Sean Luke

A High Court Judge has deferred her decision on a stay of the trial of two men accused of the brutal murder of Sean Luke.

High Court Judge Lisa Ramsumair-Hinds was expected to deliver her decision on the application, which may potentially lead to one or two of the men accused of the heinous crime walking free without going on trial, during a virtual hearing yesterday.

However, when the case was called, Ramsumair-Hinds said that she needed additional submissions from prosecutors to come up with her ruling in the high-profile case.

Ramsumair-Hinds gave prosecutors until next Monday to file their submissions and said she would deliver her ruling on February 1.

It’s the second such deferral, as the judge was expected to originally give her decision on January 18.

In the application, lawyers representing Akeel Mitchell took issue with the fact that the prosecutor appointed for the case had represented him briefly before joining the Office of the Director of Public Prosecutions (DPP).

The prosecutor reportedly did not disclose the conflict of interest during her numerous appearances in the case and only accepted responsibility after it was pointed out that the transcripts from the preliminary inquiry in the case showed that she had cross-examined a witness on Mitchell’s behalf.

Mitchell’s legal team then filed an application for a permanent stay of the case against their client as they questioned whether the prosecutor had disclosed privileged information, obtained from her confidential interactions with him to her colleagues, who were assigned to replace her after the issue was raised.

During yesterday’s hearing, Ramsumair-Hinds questioned the fact that Mitchell, 28, and his 30-year-old co-accused Richard Chatoo continued to be remanded at the Youth Training and Rehabilitation Centre (YTC) although they had turned 18 while awaiting the trial.

Ramsumair-Hinds claimed that there were issues with hosting the judge-alone trial virtually as the centre has limited video conferencing facilities.

Responding to the inquiry, Mitchell’s lawyer Mario Merritt said that the policy of allowing the duo, who are accused of committing the crime as teenagers, was set by prison officials.

He also warned that his client would be unsafe if he is placed in the general adult prison population based on historical attacks on inmates, accused of heinous crimes against women and children.

“The matter is one that evokes strong emotions, even now,” Merritt said.
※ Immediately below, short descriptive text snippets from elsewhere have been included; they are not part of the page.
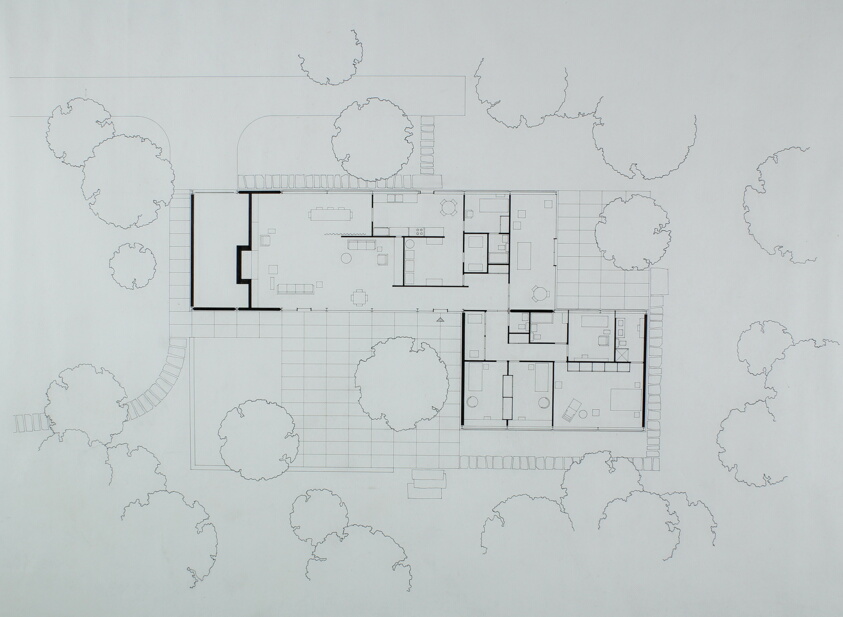 Sammet House, Highland Park, Illinois, Floor Plan with Furniture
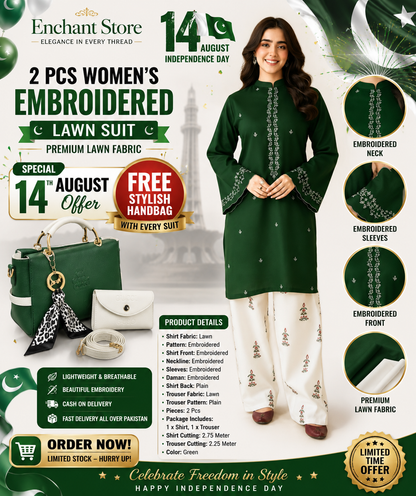 14 August Offer | 2 Pcs Women's Unstitched Embroidered Lawn Suit + FREE Stylish Handbag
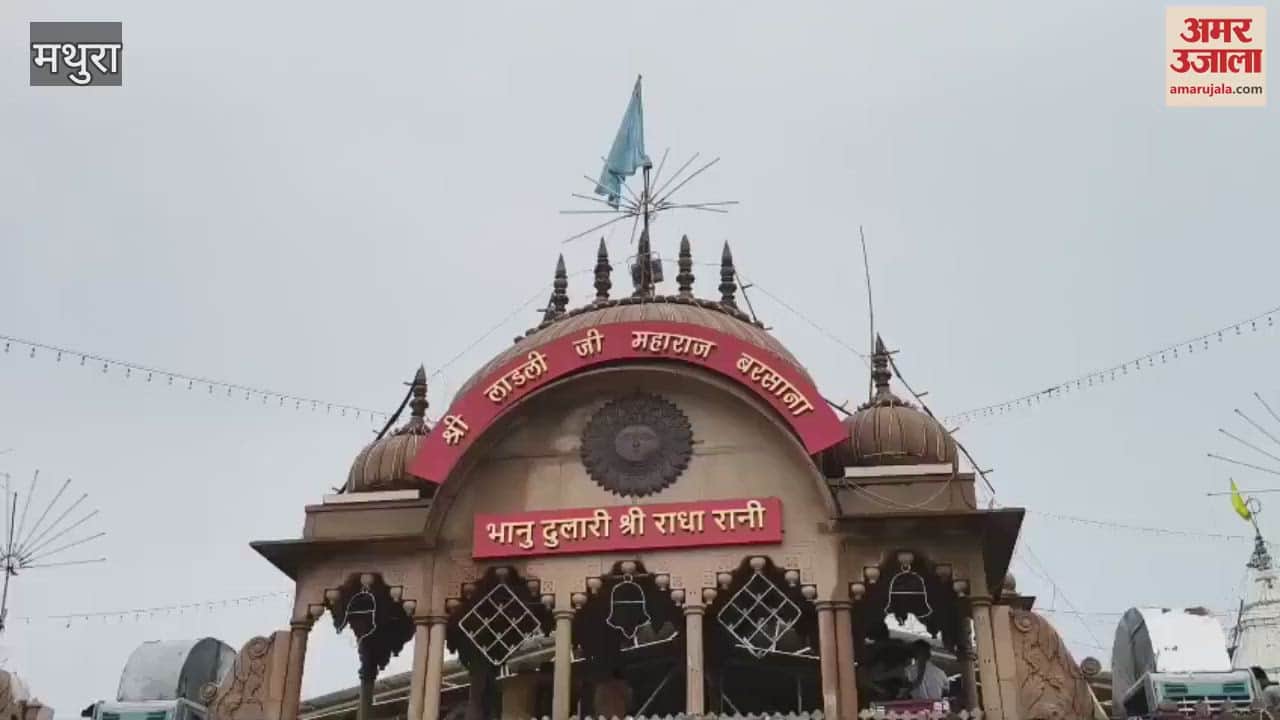 Radharani birthday celebrated in Barsana flowers showered from helicopter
Chatoo’s lawyer Evans Welch concurred.

Prosecutor Sabrina Dougdeen expressed concern over the potential delay if Ramsumair-Hinds decides against the stay, but noted that she had dealt with other cases in which juvenile offenders remained at the facility after becoming adults due to safety concerns.

After the discussion, Ramsumair-Hinds agreed to leave the arrangement in place.

Sean Luke’s body was found in a sugar cane field near his home at Orange Valley Road in Couva in March 2006.

The six-year-old had been sodomized with a sugar cane stalk that ruptured his intestines and internal organs.

Mitchell and Chatoo were charged with the crime.

Luke’s murder sparked public outrage and is still considered to be one of the most gruesome killings in recent history.

Mitchell and Chatoo are also being represented by Kirby Joseph and Randall Raphael. Anju Bhola and Sophia Sandy-Smith are also prosecuting.